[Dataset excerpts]
╔══

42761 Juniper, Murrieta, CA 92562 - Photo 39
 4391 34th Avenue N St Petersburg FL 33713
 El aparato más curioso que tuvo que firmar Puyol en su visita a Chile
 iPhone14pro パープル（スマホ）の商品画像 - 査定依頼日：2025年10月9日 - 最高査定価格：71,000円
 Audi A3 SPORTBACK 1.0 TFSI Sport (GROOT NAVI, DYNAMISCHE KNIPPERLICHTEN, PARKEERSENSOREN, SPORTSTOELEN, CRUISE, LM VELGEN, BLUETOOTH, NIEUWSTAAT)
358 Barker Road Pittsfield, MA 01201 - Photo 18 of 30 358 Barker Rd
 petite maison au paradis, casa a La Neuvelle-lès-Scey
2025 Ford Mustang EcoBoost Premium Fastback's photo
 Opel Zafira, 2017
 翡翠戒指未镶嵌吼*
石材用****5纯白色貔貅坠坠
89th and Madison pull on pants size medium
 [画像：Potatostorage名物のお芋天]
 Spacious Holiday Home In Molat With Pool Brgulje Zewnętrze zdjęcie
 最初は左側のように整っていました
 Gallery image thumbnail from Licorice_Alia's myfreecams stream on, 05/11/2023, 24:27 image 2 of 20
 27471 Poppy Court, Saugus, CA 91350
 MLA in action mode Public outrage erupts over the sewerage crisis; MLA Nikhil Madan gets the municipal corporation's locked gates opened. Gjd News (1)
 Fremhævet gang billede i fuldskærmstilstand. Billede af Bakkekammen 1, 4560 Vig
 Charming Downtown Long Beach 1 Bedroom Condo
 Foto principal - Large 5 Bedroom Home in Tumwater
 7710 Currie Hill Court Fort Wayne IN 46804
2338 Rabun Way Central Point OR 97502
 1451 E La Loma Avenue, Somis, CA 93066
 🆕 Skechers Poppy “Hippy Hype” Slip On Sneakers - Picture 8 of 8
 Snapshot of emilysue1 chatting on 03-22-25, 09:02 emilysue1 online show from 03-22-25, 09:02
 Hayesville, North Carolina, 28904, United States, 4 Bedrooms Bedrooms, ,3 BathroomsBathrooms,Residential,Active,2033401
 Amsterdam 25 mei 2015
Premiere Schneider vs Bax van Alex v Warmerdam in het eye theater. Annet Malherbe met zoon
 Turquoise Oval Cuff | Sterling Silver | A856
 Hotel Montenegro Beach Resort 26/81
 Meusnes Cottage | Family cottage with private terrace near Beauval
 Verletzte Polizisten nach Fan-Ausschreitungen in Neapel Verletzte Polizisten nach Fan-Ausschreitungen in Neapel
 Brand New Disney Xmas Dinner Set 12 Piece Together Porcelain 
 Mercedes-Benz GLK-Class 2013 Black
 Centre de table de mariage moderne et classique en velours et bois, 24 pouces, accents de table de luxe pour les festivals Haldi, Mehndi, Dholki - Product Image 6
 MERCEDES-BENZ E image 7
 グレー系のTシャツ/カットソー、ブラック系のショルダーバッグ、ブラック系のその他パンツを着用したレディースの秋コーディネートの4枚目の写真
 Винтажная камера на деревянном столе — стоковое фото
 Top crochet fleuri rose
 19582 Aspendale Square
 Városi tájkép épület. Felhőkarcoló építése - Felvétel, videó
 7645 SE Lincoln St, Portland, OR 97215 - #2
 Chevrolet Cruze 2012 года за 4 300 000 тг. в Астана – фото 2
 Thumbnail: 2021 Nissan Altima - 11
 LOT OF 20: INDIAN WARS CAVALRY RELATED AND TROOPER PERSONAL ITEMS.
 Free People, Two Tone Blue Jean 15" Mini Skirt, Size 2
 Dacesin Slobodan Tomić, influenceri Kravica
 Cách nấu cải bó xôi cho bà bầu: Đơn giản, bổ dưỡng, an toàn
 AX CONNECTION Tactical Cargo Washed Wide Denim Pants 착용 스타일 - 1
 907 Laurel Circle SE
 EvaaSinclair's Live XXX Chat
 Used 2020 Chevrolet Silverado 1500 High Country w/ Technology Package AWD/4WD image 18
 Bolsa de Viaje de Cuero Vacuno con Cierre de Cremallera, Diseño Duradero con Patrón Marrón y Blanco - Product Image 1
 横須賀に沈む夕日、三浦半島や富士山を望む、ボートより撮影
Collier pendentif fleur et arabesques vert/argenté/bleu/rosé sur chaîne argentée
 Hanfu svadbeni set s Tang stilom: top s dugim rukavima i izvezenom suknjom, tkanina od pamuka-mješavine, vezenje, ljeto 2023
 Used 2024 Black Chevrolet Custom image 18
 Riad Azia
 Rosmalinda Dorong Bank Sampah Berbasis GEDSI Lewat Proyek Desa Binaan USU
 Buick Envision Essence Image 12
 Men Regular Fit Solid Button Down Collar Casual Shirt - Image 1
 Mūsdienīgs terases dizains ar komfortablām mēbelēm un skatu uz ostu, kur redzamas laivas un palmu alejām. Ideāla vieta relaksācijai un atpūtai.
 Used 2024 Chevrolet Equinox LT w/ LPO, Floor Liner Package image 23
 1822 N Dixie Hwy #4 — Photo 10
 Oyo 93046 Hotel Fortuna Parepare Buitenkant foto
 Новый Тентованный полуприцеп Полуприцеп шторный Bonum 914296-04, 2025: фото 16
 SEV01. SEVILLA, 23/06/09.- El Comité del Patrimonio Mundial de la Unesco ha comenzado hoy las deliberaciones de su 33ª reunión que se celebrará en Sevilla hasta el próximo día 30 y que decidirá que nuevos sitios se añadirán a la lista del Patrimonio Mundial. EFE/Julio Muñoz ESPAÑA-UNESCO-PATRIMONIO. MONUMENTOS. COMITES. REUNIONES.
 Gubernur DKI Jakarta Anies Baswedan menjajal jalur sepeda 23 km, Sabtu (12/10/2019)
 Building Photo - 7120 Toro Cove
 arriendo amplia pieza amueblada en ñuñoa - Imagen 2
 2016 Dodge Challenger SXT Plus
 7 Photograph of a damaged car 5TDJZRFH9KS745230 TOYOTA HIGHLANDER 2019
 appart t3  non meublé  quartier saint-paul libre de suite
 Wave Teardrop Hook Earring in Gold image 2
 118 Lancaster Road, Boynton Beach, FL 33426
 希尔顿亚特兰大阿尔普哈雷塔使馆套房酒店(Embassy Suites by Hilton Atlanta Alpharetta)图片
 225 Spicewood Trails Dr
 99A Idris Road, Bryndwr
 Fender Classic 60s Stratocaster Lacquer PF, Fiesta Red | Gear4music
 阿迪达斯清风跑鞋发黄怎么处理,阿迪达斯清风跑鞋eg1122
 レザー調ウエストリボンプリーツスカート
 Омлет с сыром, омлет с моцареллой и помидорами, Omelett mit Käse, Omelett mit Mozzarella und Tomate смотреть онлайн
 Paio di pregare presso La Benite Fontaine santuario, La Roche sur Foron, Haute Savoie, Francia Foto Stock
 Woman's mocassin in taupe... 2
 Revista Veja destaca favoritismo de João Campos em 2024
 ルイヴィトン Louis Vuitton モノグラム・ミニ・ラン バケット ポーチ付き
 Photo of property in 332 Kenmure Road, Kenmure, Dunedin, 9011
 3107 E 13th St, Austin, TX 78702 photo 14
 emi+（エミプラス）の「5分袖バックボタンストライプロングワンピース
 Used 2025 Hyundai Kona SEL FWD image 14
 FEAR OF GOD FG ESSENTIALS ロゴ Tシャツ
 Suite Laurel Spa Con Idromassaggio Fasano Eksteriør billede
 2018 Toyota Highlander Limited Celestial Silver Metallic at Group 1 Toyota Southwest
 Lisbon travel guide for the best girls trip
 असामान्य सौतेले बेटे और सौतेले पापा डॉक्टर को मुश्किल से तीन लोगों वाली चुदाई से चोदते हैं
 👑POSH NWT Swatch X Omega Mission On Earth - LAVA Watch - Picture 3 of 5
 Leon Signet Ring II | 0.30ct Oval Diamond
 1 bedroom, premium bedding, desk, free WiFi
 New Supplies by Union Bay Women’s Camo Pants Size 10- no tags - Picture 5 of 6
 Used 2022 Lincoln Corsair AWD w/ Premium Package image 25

╚══

* ACTION ITEM *
All lines starting at the one holding "118 Lancaster Road, Boynton Beach, FL 33426" and ending at the last line above must be output exactly, and no other line may appear.

* SOLUTION BELOW *
 118 Lancaster Road, Boynton Beach, FL 33426
 希尔顿亚特兰大阿尔普哈雷塔使馆套房酒店(Embassy Suites by Hilton Atlanta Alpharetta)图片
 225 Spicewood Trails Dr
 99A Idris Road, Bryndwr
 Fender Classic 60s Stratocaster Lacquer PF, Fiesta Red | Gear4music
 阿迪达斯清风跑鞋发黄怎么处理,阿迪达斯清风跑鞋eg1122
 レザー調ウエストリボンプリーツスカート
 Омлет с сыром, омлет с моцареллой и помидорами, Omelett mit Käse, Omelett mit Mozzarella und Tomate смотреть онлайн
 Paio di pregare presso La Benite Fontaine santuario, La Roche sur Foron, Haute Savoie, Francia Foto Stock
 Woman's mocassin in taupe... 2
 Revista Veja destaca favoritismo de João Campos em 2024
 ルイヴィトン Louis Vuitton モノグラム・ミニ・ラン バケット ポーチ付き
 Photo of property in 332 Kenmure Road, Kenmure, Dunedin, 9011
 3107 E 13th St, Austin, TX 78702 photo 14
 emi+（エミプラス）の「5分袖バックボタンストライプロングワンピース
 Used 2025 Hyundai Kona SEL FWD image 14
 FEAR OF GOD FG ESSENTIALS ロゴ Tシャツ
 Suite Laurel Spa Con Idromassaggio Fasano Eksteriør billede
 2018 Toyota Highlander Limited Celestial Silver Metallic at Group 1 Toyota Southwest
 Lisbon travel guide for the best girls trip
 असामान्य सौतेले बेटे और सौतेले पापा डॉक्टर को मुश्किल से तीन लोगों वाली चुदाई से चोदते हैं
 👑POSH NWT Swatch X Omega Mission On Earth - LAVA Watch - Picture 3 of 5
 Leon Signet Ring II | 0.30ct Oval Diamond
 1 bedroom, premium bedding, desk, free WiFi
 New Supplies by Union Bay Women’s Camo Pants Size 10- no tags - Picture 5 of 6
 Used 2022 Lincoln Corsair AWD w/ Premium Package image 25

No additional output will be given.